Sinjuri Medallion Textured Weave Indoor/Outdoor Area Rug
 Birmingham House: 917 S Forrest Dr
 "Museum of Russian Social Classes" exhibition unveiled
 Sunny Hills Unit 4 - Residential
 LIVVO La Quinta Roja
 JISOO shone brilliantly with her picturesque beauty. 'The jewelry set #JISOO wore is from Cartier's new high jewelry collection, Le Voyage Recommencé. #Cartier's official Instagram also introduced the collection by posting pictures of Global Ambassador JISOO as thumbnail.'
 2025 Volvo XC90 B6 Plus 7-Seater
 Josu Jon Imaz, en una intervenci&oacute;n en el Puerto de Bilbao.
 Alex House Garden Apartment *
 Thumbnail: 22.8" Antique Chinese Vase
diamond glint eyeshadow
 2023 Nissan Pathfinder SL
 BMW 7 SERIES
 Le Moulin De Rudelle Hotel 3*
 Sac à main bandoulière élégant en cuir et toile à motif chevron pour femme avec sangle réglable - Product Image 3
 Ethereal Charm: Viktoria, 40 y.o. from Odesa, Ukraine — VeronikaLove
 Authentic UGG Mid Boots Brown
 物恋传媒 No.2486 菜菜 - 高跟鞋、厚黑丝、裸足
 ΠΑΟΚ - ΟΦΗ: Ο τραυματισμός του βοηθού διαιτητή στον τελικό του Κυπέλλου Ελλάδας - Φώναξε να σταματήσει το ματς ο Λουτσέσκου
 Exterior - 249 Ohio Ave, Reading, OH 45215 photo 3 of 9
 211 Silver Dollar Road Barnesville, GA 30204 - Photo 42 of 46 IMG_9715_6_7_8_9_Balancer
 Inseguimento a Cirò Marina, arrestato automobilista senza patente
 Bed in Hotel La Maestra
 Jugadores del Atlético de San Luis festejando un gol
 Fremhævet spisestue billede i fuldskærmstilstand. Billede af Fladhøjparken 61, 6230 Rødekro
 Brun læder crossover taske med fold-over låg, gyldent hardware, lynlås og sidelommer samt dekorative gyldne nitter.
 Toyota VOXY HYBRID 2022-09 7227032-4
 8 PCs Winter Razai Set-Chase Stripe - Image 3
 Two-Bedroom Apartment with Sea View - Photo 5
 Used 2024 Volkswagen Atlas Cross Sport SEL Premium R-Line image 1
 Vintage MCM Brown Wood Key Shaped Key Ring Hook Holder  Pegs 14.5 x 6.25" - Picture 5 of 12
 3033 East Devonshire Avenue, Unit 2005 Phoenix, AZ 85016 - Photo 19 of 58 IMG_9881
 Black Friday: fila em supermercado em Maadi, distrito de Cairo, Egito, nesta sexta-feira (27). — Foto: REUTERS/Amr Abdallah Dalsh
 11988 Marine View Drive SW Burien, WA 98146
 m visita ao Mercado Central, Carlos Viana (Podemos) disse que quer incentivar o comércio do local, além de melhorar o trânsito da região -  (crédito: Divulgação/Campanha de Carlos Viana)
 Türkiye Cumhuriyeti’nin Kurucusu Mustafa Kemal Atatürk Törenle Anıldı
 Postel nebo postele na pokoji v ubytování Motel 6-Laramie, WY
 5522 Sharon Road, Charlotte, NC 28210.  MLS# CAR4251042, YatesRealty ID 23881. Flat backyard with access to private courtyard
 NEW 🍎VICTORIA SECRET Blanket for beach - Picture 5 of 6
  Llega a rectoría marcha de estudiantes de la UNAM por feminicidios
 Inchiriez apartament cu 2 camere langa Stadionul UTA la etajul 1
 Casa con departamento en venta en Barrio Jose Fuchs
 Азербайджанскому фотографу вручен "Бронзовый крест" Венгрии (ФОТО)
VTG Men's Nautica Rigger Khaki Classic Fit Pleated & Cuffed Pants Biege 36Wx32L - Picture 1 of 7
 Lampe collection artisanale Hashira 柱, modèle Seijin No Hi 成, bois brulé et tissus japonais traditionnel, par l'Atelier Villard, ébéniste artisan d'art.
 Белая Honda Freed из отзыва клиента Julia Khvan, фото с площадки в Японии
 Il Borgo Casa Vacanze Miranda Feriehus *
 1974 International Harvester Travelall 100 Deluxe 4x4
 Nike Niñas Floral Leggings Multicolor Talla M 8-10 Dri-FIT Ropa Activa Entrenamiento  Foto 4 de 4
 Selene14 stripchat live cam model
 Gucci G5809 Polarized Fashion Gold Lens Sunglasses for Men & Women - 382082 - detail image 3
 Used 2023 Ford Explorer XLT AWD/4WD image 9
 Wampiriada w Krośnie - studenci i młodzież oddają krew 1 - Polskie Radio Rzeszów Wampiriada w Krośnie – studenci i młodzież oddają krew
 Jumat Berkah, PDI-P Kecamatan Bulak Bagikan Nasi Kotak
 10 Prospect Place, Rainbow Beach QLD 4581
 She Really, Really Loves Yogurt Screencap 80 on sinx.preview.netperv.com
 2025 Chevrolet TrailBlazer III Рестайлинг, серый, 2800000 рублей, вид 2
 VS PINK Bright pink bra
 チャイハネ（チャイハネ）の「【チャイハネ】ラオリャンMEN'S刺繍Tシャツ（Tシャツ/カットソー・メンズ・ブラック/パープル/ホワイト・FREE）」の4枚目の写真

Action item: Find "Белая Honda Freed" in the entries above and copy that whole line exactly, then each line after it through the line that contains "Gucci G5809 Polarized".

Answer:
 Белая Honda Freed из отзыва клиента Julia Khvan, фото с площадки в Японии
 Il Borgo Casa Vacanze Miranda Feriehus *
 1974 International Harvester Travelall 100 Deluxe 4x4
 Nike Niñas Floral Leggings Multicolor Talla M 8-10 Dri-FIT Ropa Activa Entrenamiento  Foto 4 de 4
 Selene14 stripchat live cam model
 Gucci G5809 Polarized Fashion Gold Lens Sunglasses for Men & Women - 382082 - detail image 3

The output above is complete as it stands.